How do Convention rights apply in immigration cases?
The Human Rights Act section 6 says that public authorities must not act in breach of a person’s Convention rights. In immigration matters, the umbrella of ‘public authorities’ covers entry clearance officers (to a certain extent), immigration officers and officials in the Home Office. A breach of this obligation is one of the valid grounds of appeal under section 84 of the Nationality, Immigration & Asylum Act 2002.
Do Immigration Judges have discretion in these human rights cases?
The case of AG and others (Kosovo) 2007 suggests not: the determination in this case found that a human rights appeal is not an exercise in discretion for the Immigration Judge but that the judgement should be limited to whether or not an immigration decision was lawful. If it were an exercise in discretion, the determination would in some cases be required to be returned to the Secretary of State for further consideration. Yet the fact that it is not means that (on the basis that the Immigration Judge’s determination is not itself appealed by the Home Office) the judgement of the tribunal must be implemented. In other words, if the appeal is dismissed under the rules but succeeds on human rights grounds then the appellant will be granted suitable entry clearance or leave.
When dealing with human rights law and the European Court of Human Rights, the tribunal weighs up the qualified rights of the appellant with public interests i.e. the right of a detained appellant to family life in the U.K. versus the need for the prevention of crime. Another such countervailing public interest cited by Home Office Presenting Officers is the need for effective immigration control, further politicising the task of the tribunal. Appeal bodies now evaluate the impact of social policy upon an individual and the proportionality of removal in relation to their human rights.
What is the jurisdiction of appeal bodies in human rights cases?
From the implementation of the Human Rights Act, some case law (judicial review cases right up to Court of Appeal) has pointed to the Immigration & Asylum Chamber having no jurisdiction, in immigration human rights appeals, to substitute its judgement for that of the Secretary of State. The exception was if the original decision of the Secretary of State (i.e. all Home Office officials, immigration officers and entry clearance officers acting on their behalf) was irrational. The reasoning behind this was that the Secretary of State had been appointed as the principal decision-maker for immigration.
However, other instances of case law have suggested that under section 6 of the Human Rights Act, the Immigration & Asylum Chamber has a duty to examine whether or not the original decision was lawful or not. This is a matter of law; it following that the tribunal is bound to consider the merits of the case itself. Both these opposing arguments have been continued to be put forward as ‘case law’ but no judicial authority was made on the matter until 2007.
The case of Huang and Kashmiri (2007) demonstrates two appellants who fell outside the immigration rules for various reasons and whose only ground of appeal was that it would be a breach of their respective Article 8 rights to family life if they were returned.
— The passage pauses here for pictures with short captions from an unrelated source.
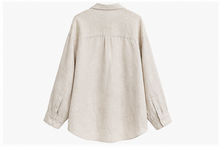 Hobz Shirt 11343- Cream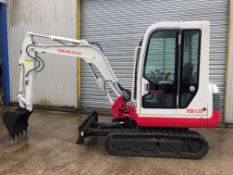 2002 Takeuchi tb125 Excavator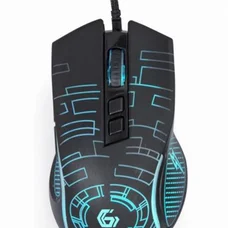 Миша Gembird MUSG-RGB-01 Black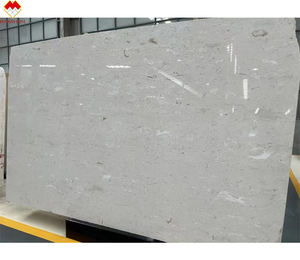 Piedra caliza natural <span class=keywords><strong>Luna</strong></span> Beige Mármol Losa grande Moonlight Crema Beige Mármol para revestimiento de paredes interiores y exteriores y piso - Product Image 1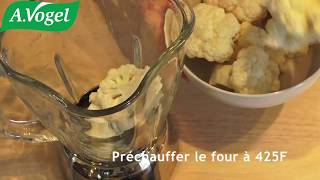 Recette AVogel Riz de Chou fleur rôti [upl. by Pickford]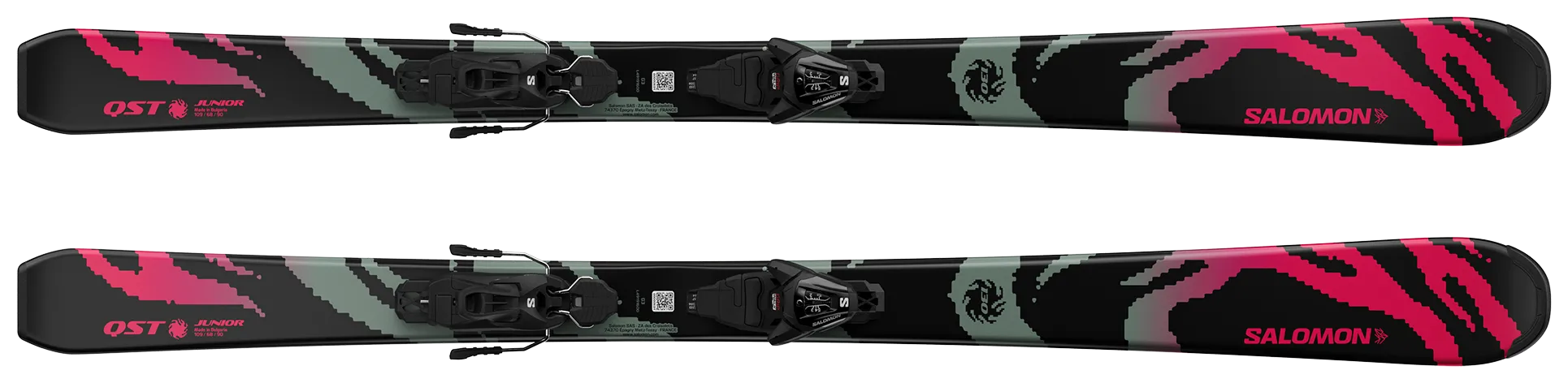 SALOMON QST BLACK M 2027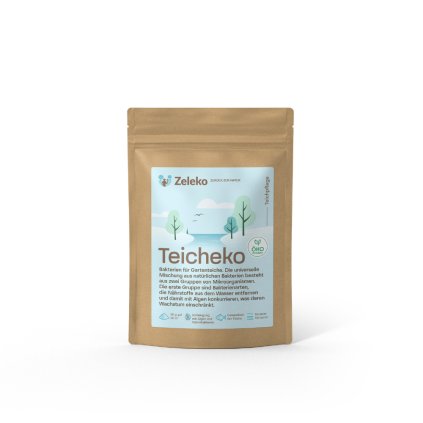 TEICHEKO – Bakterien für Garten- und Fischteiche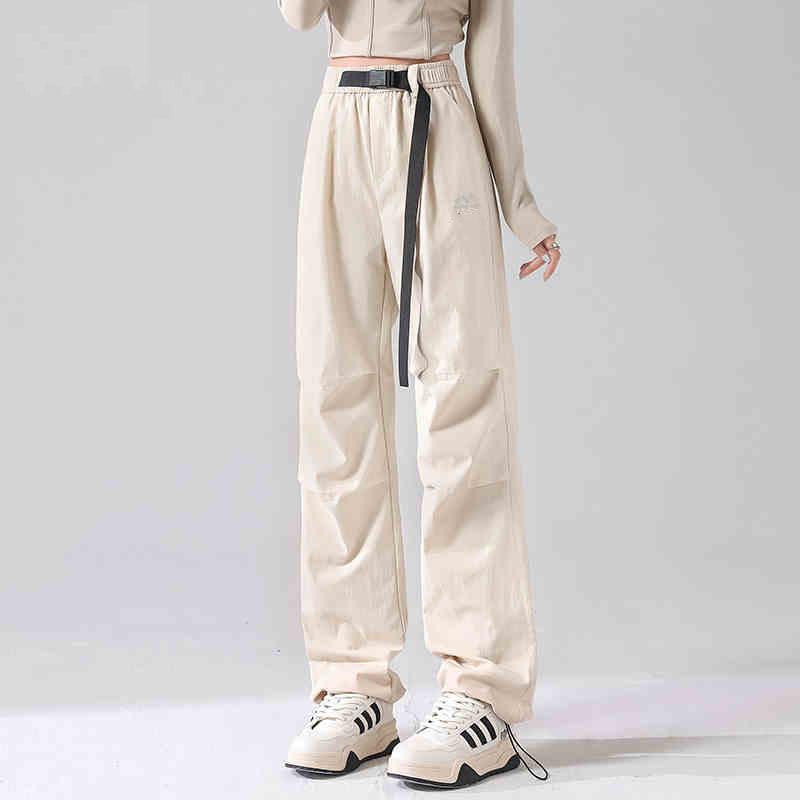 WASSUP Women's 2025 Summer Quick-Dry Cargo Pants for Hiking & Sports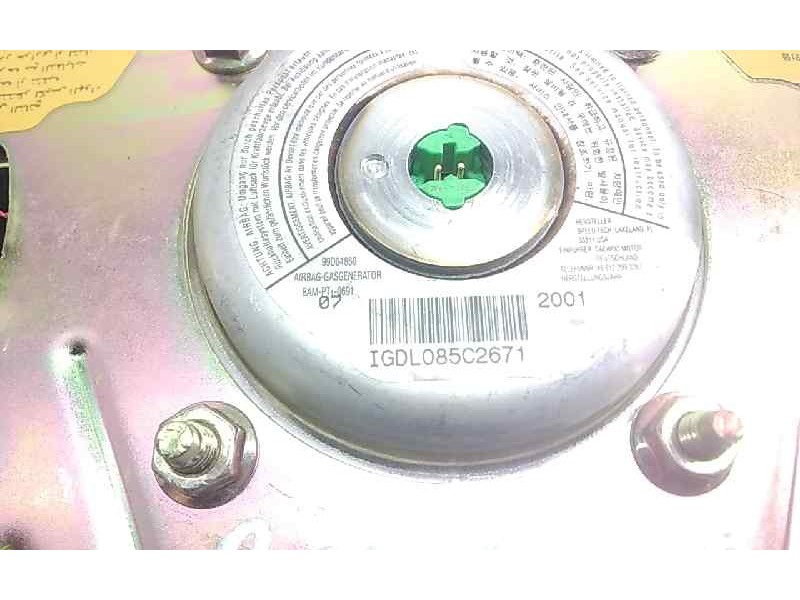 Recambio de airbag delantero izquierdo para daewoo matiz se referencia OEM IAM IGDL085C2671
Mrs Huang had a daughter, son-in-law and grandchild in the U.K. Mr Kashmiri had a father, father’s wife and his father’s younger sons in the U.K.
The House of Lords displaced any earlier authorities with this statement on the question on the jurisdiction of appeal bodies in paragraph 11 of its determination:
‘the task of the appellate immigration authority (now Immigration & Asylum Chamber), on an appeal on a Convention ground against a decision of the primary official decision-maker refusing leave to enter or remain in this country, is to decide whether the challenged decision is unlawful as incompatible with a Convention right or compatible and so lawful.
It is not a secondary, reviewing, function dependent on establishing that the primary decision-maker misdirected himself or acted irrationally or was guilty of procedural impropriety. The appellate immigration authority (now IAC) must decide for itself whether the impugned decision is lawful and, if not, but only if not, reverse it.